Instructions for the task
Provide the count of lines below where "fabric" occurs, with no other output.

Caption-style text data
= = = = = = =
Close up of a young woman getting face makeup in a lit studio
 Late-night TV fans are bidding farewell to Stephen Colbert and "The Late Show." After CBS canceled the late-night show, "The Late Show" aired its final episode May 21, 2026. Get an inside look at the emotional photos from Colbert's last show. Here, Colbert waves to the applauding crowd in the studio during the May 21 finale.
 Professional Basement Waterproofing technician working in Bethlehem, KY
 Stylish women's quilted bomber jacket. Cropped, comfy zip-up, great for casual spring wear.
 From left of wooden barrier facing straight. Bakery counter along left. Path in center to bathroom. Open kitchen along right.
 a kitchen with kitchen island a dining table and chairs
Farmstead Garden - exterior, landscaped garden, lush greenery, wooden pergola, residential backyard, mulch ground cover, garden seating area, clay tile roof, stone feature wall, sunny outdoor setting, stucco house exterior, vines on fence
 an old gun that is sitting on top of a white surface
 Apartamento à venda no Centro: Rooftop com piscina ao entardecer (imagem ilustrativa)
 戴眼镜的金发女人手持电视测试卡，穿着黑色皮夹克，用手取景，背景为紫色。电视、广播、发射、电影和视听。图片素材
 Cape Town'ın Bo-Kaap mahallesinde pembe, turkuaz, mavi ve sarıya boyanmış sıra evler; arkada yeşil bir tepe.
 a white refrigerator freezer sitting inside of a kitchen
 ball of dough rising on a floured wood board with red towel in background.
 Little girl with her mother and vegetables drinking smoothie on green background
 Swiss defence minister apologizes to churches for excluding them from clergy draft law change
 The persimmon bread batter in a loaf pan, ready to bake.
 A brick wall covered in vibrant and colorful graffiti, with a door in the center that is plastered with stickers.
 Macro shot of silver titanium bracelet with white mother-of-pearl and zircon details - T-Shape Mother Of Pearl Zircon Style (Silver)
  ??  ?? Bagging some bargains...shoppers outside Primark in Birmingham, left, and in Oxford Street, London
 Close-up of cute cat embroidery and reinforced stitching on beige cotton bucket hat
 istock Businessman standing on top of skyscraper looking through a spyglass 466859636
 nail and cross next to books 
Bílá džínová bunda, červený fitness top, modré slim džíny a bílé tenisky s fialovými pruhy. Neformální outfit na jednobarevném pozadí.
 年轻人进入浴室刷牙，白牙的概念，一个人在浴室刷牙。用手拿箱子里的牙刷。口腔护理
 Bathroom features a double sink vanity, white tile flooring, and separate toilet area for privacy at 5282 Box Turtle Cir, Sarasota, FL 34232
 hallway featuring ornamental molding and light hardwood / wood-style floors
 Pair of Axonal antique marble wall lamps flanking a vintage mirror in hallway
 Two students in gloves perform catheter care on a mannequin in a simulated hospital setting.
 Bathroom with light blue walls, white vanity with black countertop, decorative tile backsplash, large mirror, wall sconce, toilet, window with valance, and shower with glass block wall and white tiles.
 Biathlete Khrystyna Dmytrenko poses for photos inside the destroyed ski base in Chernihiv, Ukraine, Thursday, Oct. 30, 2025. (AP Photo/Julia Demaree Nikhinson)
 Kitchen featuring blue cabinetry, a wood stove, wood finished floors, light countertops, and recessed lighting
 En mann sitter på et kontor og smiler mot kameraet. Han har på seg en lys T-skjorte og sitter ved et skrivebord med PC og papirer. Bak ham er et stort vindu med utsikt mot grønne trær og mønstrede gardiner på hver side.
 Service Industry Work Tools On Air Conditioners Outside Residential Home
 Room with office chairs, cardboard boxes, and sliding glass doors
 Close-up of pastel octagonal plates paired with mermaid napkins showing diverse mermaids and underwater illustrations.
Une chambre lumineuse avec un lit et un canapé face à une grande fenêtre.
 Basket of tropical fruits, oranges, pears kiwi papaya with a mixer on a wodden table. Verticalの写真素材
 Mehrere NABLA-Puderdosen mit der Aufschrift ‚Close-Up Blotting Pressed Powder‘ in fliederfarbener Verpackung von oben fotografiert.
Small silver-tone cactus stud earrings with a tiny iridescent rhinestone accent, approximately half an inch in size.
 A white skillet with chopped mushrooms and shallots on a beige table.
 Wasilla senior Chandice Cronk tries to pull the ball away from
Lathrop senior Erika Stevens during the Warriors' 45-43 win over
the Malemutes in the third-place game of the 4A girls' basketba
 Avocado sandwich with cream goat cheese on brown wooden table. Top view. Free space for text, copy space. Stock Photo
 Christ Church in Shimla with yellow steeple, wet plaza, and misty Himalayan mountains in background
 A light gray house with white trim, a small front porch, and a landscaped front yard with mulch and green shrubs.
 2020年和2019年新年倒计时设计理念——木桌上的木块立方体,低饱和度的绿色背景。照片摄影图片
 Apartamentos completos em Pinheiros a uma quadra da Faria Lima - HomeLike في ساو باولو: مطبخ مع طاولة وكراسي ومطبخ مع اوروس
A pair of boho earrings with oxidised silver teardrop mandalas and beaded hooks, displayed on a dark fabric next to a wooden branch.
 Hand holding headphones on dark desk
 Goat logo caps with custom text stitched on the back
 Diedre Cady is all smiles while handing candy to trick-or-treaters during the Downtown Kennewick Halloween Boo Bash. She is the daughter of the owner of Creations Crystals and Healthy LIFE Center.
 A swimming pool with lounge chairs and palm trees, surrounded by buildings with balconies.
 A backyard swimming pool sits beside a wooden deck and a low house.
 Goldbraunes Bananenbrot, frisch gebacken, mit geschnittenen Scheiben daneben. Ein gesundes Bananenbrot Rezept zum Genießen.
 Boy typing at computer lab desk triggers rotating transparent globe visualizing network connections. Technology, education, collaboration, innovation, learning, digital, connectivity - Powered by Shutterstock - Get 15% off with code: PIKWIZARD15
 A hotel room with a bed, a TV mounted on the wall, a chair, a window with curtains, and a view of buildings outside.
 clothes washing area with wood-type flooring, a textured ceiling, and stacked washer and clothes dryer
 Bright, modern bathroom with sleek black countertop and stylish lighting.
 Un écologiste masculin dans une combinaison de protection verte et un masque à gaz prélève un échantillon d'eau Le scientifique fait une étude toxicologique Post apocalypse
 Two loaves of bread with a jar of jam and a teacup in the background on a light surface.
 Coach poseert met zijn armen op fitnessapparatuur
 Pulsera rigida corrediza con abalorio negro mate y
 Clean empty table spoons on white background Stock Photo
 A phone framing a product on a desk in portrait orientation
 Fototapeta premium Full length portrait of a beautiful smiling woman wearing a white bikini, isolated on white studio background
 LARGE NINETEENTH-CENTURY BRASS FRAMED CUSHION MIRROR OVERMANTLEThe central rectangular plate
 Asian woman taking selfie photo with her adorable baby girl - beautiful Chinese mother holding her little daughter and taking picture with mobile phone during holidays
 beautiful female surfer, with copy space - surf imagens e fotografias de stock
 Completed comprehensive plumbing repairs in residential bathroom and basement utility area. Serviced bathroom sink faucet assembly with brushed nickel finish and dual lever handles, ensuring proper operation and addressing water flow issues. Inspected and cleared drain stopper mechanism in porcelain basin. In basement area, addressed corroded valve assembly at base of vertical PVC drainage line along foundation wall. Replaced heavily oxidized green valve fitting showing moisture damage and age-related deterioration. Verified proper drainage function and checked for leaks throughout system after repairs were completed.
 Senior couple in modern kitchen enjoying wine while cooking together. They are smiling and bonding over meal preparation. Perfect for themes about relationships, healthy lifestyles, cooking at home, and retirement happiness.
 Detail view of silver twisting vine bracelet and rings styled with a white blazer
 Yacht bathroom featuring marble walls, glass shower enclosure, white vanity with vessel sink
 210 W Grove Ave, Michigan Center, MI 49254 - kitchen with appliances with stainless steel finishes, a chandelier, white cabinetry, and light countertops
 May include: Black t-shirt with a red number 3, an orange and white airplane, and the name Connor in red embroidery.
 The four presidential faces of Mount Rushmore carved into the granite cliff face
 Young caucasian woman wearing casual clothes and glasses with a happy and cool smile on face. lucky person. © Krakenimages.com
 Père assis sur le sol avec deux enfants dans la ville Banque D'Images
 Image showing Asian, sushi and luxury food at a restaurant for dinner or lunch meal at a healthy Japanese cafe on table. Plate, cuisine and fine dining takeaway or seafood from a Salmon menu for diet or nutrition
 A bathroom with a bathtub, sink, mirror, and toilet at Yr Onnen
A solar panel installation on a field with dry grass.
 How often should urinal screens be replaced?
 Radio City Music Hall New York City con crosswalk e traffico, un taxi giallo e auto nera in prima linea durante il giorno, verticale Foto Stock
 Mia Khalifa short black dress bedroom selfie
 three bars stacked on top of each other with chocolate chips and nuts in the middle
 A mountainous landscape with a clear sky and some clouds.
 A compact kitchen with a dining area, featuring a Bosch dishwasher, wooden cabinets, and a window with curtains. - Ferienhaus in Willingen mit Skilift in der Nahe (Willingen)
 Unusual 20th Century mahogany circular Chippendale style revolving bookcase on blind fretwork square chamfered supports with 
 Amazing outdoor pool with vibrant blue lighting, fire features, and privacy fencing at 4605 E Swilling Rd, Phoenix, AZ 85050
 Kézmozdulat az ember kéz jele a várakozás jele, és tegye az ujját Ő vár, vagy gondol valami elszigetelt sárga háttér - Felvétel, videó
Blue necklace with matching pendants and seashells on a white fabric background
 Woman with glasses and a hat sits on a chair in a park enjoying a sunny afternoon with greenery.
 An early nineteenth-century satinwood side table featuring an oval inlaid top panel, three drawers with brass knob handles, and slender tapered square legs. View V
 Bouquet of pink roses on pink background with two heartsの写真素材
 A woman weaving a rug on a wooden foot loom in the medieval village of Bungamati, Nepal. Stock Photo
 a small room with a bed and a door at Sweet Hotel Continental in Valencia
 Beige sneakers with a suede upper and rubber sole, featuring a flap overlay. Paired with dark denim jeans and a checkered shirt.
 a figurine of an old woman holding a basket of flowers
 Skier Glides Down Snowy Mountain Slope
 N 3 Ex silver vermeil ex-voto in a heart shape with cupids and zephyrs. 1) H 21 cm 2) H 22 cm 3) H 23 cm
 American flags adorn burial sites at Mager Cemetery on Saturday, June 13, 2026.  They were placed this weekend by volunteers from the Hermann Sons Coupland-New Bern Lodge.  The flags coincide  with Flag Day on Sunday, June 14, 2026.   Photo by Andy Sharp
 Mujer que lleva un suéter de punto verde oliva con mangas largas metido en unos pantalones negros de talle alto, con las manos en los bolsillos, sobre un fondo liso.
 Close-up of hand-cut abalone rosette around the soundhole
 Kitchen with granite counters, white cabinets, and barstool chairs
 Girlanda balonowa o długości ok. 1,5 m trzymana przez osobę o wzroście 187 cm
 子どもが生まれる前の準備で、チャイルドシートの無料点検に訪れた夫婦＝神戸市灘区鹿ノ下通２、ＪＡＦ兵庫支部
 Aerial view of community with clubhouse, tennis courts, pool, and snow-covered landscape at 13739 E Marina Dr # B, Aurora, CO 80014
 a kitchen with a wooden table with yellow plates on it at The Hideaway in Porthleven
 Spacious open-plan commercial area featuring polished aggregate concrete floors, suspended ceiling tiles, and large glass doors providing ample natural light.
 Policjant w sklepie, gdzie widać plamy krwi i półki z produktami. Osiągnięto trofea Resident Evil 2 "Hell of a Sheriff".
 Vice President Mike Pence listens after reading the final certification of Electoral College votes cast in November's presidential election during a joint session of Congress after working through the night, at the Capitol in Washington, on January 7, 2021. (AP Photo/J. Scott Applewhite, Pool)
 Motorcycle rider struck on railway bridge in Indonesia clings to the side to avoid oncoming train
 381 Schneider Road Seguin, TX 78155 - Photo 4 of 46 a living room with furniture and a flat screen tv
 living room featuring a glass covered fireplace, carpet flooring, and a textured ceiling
= = = = = = =
Answer to the exercise
2